This project predicts whether a line from a test corpus is one of three languages: English, French, or Italian.
All related text files (training corpora, test corpus, and solution file) should be in the same directory. If the are located in another location, please specify with --englishPath
, --frenchPath
, --italianPath
, --testPath
, and --solutionPath
. The character model runs with the defualt unknown threshold of 30, indicating that all characters must be seen 30 times in the training corpus to be included in a language's vocabulary. The word models run with the default unknown threshold of 0, indicating that all words from the training corpora will be included in the vocabulary. To change this, utilize the --unkThreshold
argument.
All lines in the corpora were cleaned by removing punctuation, casing, and extra whitespace to focus the lanugage model on the relevant text. Additionally, <start>
and <end>
tokens were added to each line so the probability of the beginning and end of a line in combination with any other gram is captured.
To run the character language model with add smoothing and the default arguments:
python letterLangId.py
To run the word language model with add smoothing and the defualt arguments:
python wordLangId.py
To run the word language model with Good Turing smoothing and the defualt arguments:
python wordLangId2.py
The letter bigram model cannot be implemented without smoothing because unknown bigrams would results in 0 frequency values leading to issues when calculating the entire sentence's conditional probability.
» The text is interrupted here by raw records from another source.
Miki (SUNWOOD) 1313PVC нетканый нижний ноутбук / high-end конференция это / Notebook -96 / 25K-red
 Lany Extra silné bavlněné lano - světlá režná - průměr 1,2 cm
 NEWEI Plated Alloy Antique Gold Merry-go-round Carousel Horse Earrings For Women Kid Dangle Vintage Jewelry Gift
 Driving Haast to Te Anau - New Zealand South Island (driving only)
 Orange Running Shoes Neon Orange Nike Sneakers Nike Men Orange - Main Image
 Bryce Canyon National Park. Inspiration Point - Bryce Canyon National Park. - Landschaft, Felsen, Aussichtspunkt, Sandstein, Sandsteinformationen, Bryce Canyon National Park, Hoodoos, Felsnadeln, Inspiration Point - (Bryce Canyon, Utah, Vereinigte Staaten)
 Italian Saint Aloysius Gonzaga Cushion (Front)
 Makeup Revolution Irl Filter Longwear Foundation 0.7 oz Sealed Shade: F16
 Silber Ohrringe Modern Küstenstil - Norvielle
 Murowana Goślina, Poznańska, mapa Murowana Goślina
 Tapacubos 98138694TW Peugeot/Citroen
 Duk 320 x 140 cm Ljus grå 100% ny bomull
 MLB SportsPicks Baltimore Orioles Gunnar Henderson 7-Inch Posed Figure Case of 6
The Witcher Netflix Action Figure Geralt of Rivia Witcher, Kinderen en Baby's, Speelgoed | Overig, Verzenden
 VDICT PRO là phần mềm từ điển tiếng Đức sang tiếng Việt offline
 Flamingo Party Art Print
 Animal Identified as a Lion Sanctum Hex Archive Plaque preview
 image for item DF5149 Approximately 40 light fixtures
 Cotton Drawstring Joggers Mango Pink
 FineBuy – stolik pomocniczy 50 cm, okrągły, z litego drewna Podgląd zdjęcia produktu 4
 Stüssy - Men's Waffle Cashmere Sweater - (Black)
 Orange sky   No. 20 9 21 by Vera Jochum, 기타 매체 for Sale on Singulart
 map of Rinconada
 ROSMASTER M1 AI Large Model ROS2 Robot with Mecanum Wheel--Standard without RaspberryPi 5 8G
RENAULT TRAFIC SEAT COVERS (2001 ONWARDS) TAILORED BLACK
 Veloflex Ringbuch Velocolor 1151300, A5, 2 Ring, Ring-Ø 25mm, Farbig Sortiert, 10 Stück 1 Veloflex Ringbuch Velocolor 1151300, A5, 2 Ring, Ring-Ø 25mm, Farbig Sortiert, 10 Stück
Also, if the entire training set is included in the vocabulary, a probably can't be calculated for bigrams that begin with an unknown word due to errors when dividing by 0. This problem can be resolved with add one smoothing because it removes 0 counts in the data. The letter bigram model with add one smoothing correctly predicted 297/300 of the lines in the test corpus. Given the strong performance with add one smoothing, it seems like an effective solution to the zero count problem.
In addition to add one smoothing, I set the unknown threshold to 30. Given the overall frequency of a character within our corpora, a threshold of 30 will not affect that vocabulary size, but just remove erroneous characters. However, this threshold of 30 (which can be changed by the user) does not seem to affect performance and yields the same results as a threshold of 0.
Just like the letter bigram model, the word bigram model cannot be implemented without smoothing either unless you set a threshold for the training set to be included in the vocabulary and introduce unknown tokens. Since the corpora is small and in turn, the vocabulary, it's best to implement smoothing versus a threshold for out of vocabulary words. Therefore, the default threshold is set to 0 to not drastically reduce the vocabulary. If the training corpora was exponentially larger, the user may want to consider a threshold of 30 to manage the vocabulary size and reduce the risk of including typos from a corpus.
Smoothing is even more important for a word level model than character level due to the larger number of words than characters in a given language and in turn, a higher occurence of rare events. Given the simplicity of add one smoothing versus other smoothing techniques, I implemented it and it results in predictions that were correct 298/300 times.
Another approach for handling zero frequencies than add one smoothing that I evaluated is Good Turing smoothing. This method adjusts the frequency to shift some of the probability to unseen events. Rather than blindly adding one to each frequency, it takes into account the existing frequencies in the training corpus. I applied the same unknown threshold of 0 for the reasons described in question two and saw results of 299/300 correct predictions.
Given the results from my experiement, the language model with Good Turing smoothing performed the best and therefore, should be utilized. Given the small size of our corpora, computational efficiency is not a huge consideration and therefore, performance should be prioritized. If our corpora was much larger and/or training time was a consideration, the word model with add one smoothing may need to be considered due to the computational cost of adjusting frequencies. If memory constraints were an issue, a character level model would have a smaller vocabulary and could potentially perform better than a word level model with a heavily pruned vocabulary. However, given the tradeoffs and the use case of this homework, I would go with the language model with Good Turing smoothing and an unknown threshold of 0.